▶ Required action: Would you write out the listing verbatim and skip every picture in it?

▶ Data below:

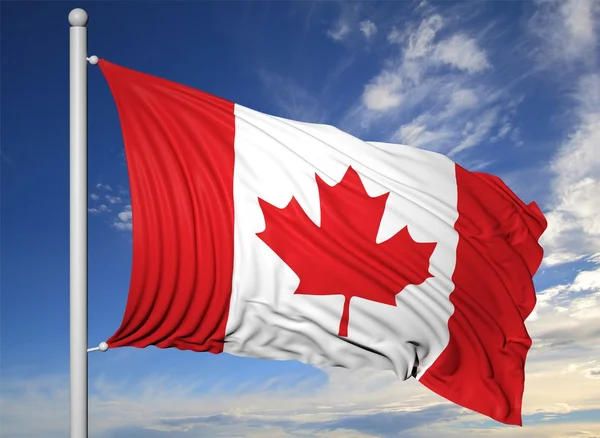 Waving flag of Canada on flagpole, on blue sky background. — Stock Photo, Image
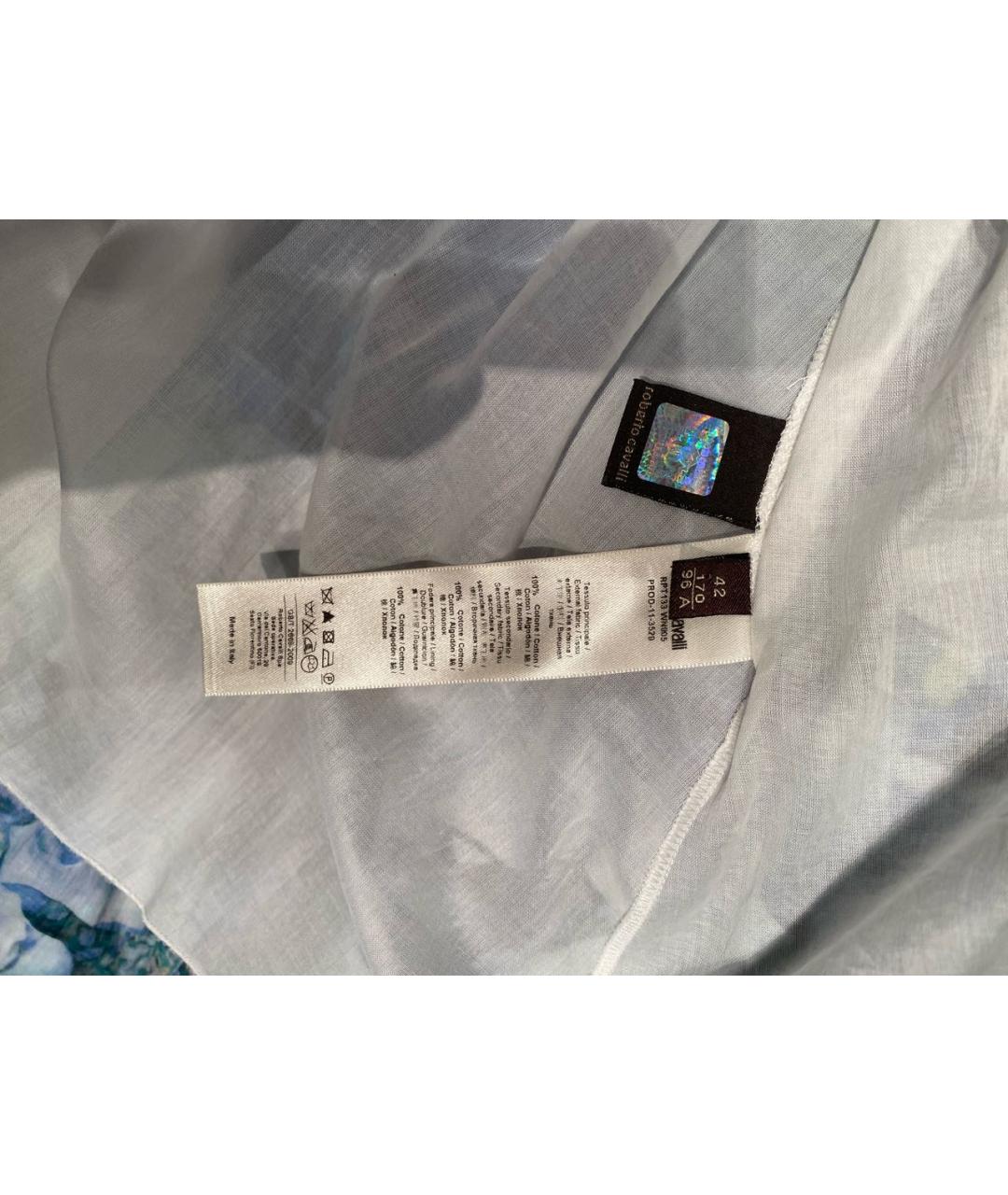 ROBERTO CAVALLI Голубой хлопковый сарафан, фото 7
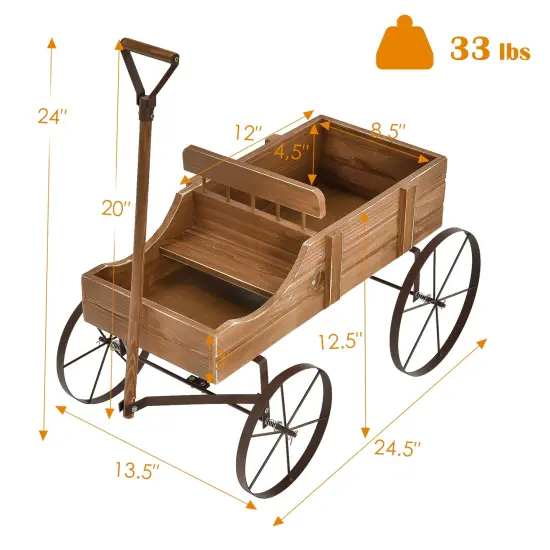 Rustic Wooden Wagon Planter with Metal Wheels Small Garden Cart for Flowers Outdoor Decor Brown {5}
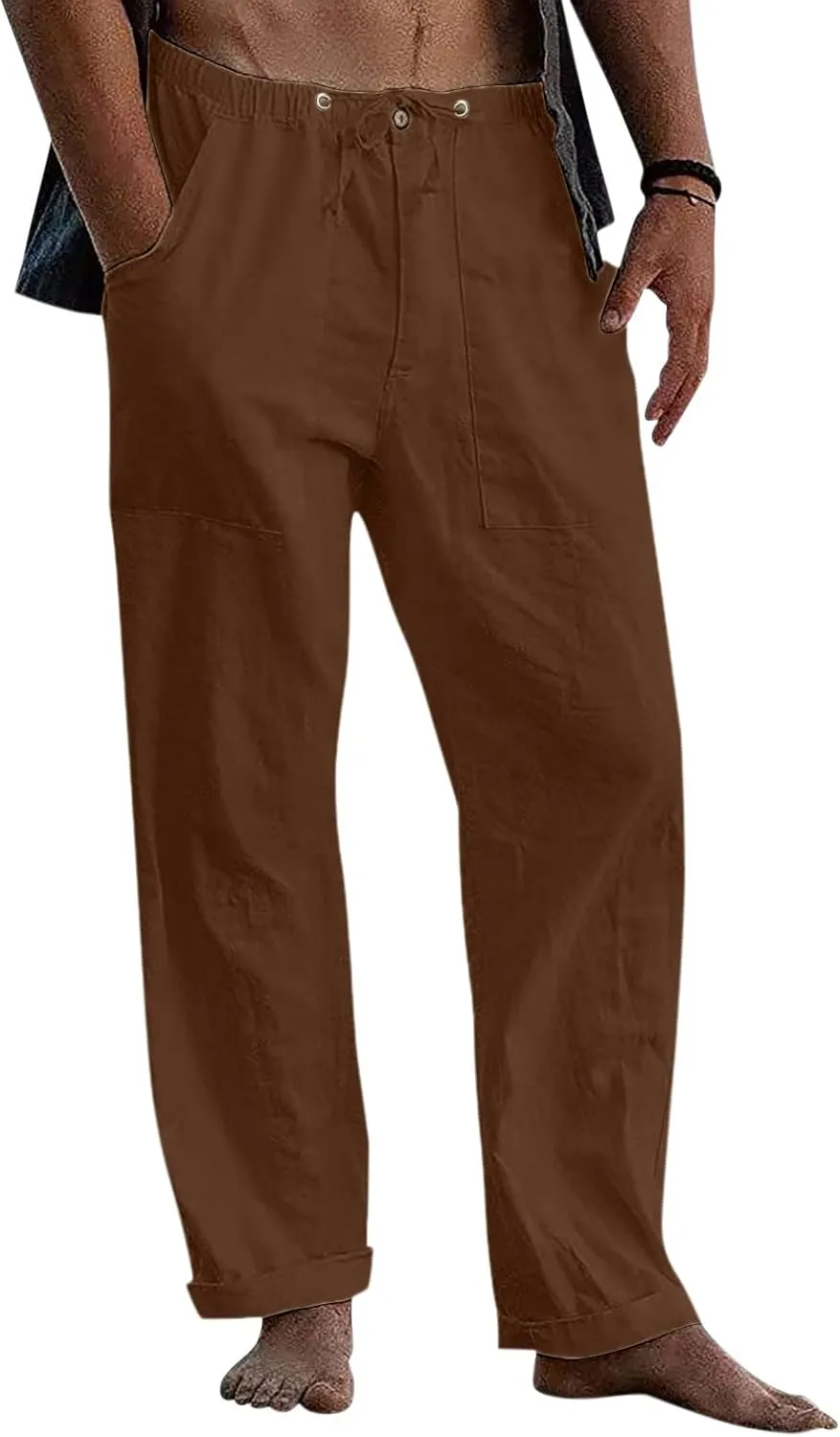 Classic Linen Pants for Men Loose Fit Wide Leg Drawstring Trousers Elastic Waist Summer Travel Beach Shorts with Pockets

▶ Response to this task:
 Waving flag of Canada on flagpole, on blue sky background. — Stock Photo, Image
 ROBERTO CAVALLI Голубой хлопковый сарафан, фото 7
 Rustic Wooden Wagon Planter with Metal Wheels Small Garden Cart for Flowers Outdoor Decor Brown {5}
 Classic Linen Pants for Men Loose Fit Wide Leg Drawstring Trousers Elastic Waist Summer Travel Beach Shorts with Pockets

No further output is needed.